Find the equation of the line which passes through the point (4, -5)and is
parallel to the line joining the points A(3,7) and B(-2,4) .

To find the equation of the line that passes through the point (4, -5) and is parallel to the line joining the points A(3, 7) and B(-2, 4), we can follow these steps: ### Step 1: Find the slope of the line joining points A and B. The slope (m) of a line passing through two points (x1, y1) and (x2, y2) is given by the formula: \[ m = \frac{y2 - y1}{x2 - x1} \] For points A(3, 7) and B(-2, 4): - Let (x1, y1) = (3, 7) and (x2, y2) = (-2, 4). - Substitute the values into the slope formula: \[ m_{AB} = \frac{4 - 7}{-2 - 3} = \frac{-3}{-5} = \frac{3}{5} \] ### Step 2: Use the slope to find the equation of the parallel line. Since the required line is parallel to line AB, it will have the same slope: \[ m = \frac{3}{5} \] ### Step 3: Use the point-slope form of the equation of a line.

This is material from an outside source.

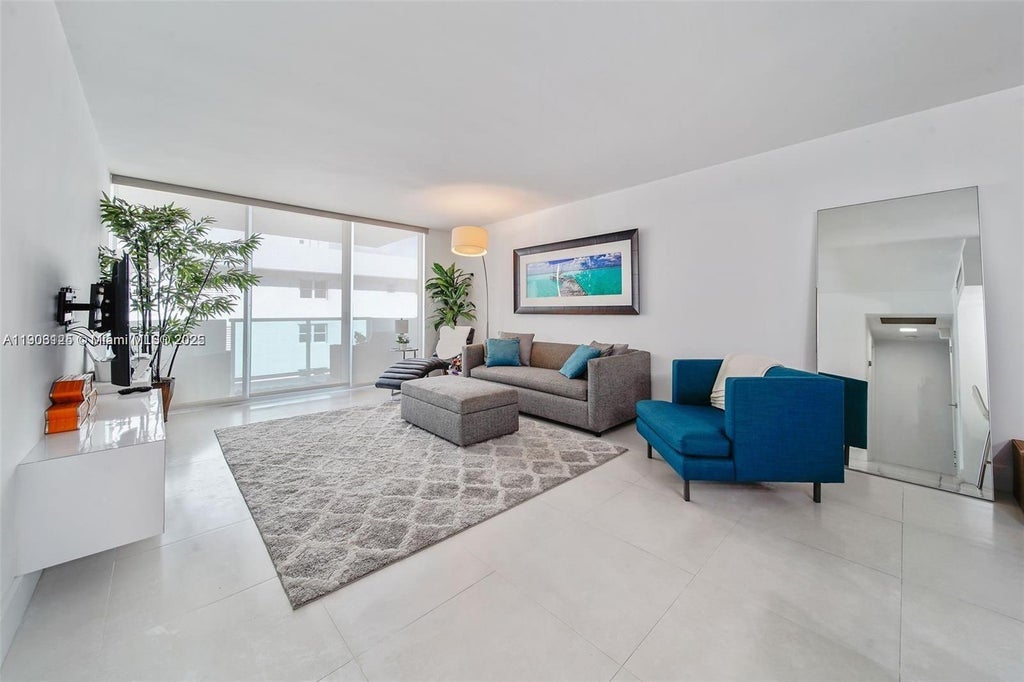 1200 West Ave 1520, Miami Beach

The point-slope form of the equation of a line is given by: \[ y - y1 = m(x - x1) \] Where (x1, y1) is the point through which the line passes. Here, (x1, y1) = (4, -5) and m = \(\frac{3}{5}\): \[ y - (-5) = \frac{3}{5}(x - 4) \] This simplifies to: \[ y + 5 = \frac{3}{5}(x - 4) \] ### Step 4: Simplify the equation. Now, we will distribute the \(\frac{3}{5}\): \[ y + 5 = \frac{3}{5}x - \frac{12}{5} \] Next, we will move all terms to one side to write it in standard form: \[ y = \frac{3}{5}x - \frac{12}{5} - 5 \] Convert -5 to a fraction with a denominator of 5: \[ -5 = -\frac{25}{5} \] So, \[ y = \frac{3}{5}x - \frac{12}{5} - \frac{25}{5} \] \[ y = \frac{3}{5}x - \frac{37}{5} \] ### Step 5: Rearrange to standard form. To rearrange this to standard form \(Ax + By + C = 0\): Multiply through by 5 to eliminate the fraction: \[ 5y = 3x - 37 \] Rearranging gives: \[ 3x - 5y - 37 = 0 \] ### Final Answer: The equation of the required line is: \[ 3x - 5y - 37 = 0 \] ---